Hoy también ese viento de la guadaña,
que a veces sale a romper el aire y a llevarse provisiones, me ha
rozado. Una prima segunda mía, su marido y un conocido, con el que
estuve hablando hace un par de días, han fallecido en el accidente
de Santiago.
A veces la vida se vuelve cruel, se
abre el vientre para dejarnos ver sus entrañas absurdas y nos
convence de que, si quiere, nos rompe la copa, nos quema la casa y
nos borra el camino.
Me alegro de haber aprendido con muy
poca edad que hay que pensar de vez en cuando que nos tenemos que
morir. Días como hoy, trágicos y dolorosos, en los que la muerte se
muestra desnuda, son los que me hacen recordar que hay que vivir, que
no hay que perder el tiempo ni en bobadas, ni en estúpidas
rencillas, ni dejando vencer a la pereza, ni haciendo lamentables
pasatiempos, ni dejándose la vida en la televisión ni, mucho menos,
haciendo daño. Hay que vivir. Es urgente vivir. Puede pasar
cualquier cosa en cualquier momento y quedarnos a dos velas. Cada día
es una invitación y una necesidad de vivir. Y debe ser también la
creación de la vida, de mi propia vida. Y debe ser también un gozo,
el gozo de sentirse vivo con la gente y con el mundo. Hay que dormir,
pero el resto de las veinticuatro horas del día deben rebosar vida.
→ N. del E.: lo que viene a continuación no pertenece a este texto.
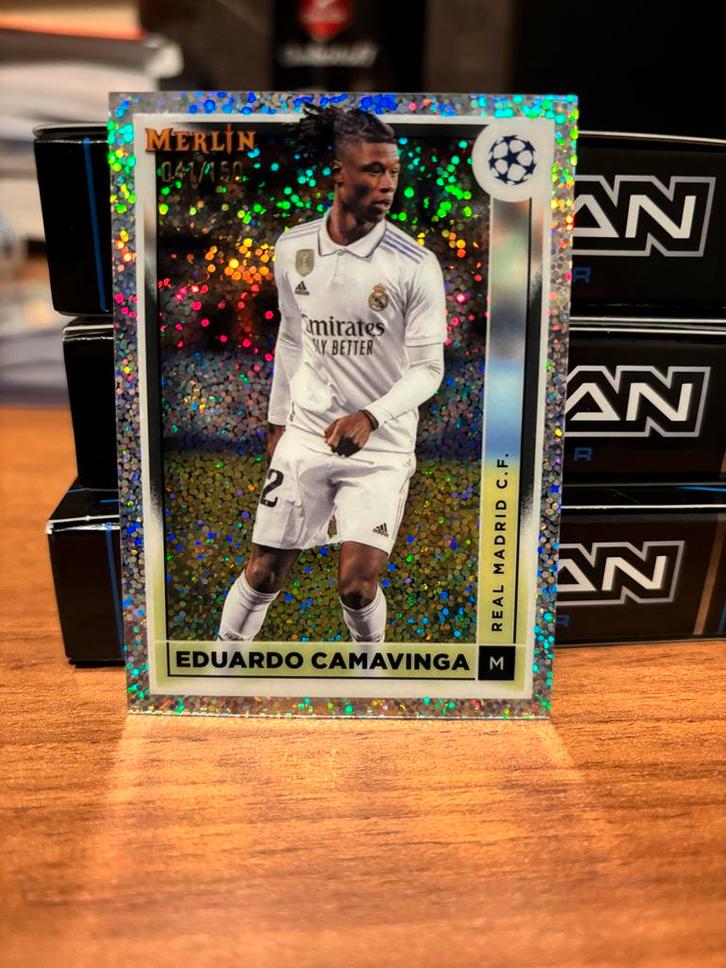 Eduardo Camavinga Topps Merlin  /150, Verzamelen, Overige Verzamelen, Zo goed als nieuw, Ophalen of Verzenden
Cada muerte debe ser un empujón en la espalda que nos impulse hacia
la vida. Tenemos que vivir, pero todos. Y con urgencia.
Si esta noche quieres formar la nube de
cariño para las personas a las que quieres, no te olvides de los que
están sufriendo en Galicia, pero tampoco de las familias de todos
los que mueren cada día de cualquier forma -todas las muertes son
iguales- y dejando solos a los vivos. Buenas noches.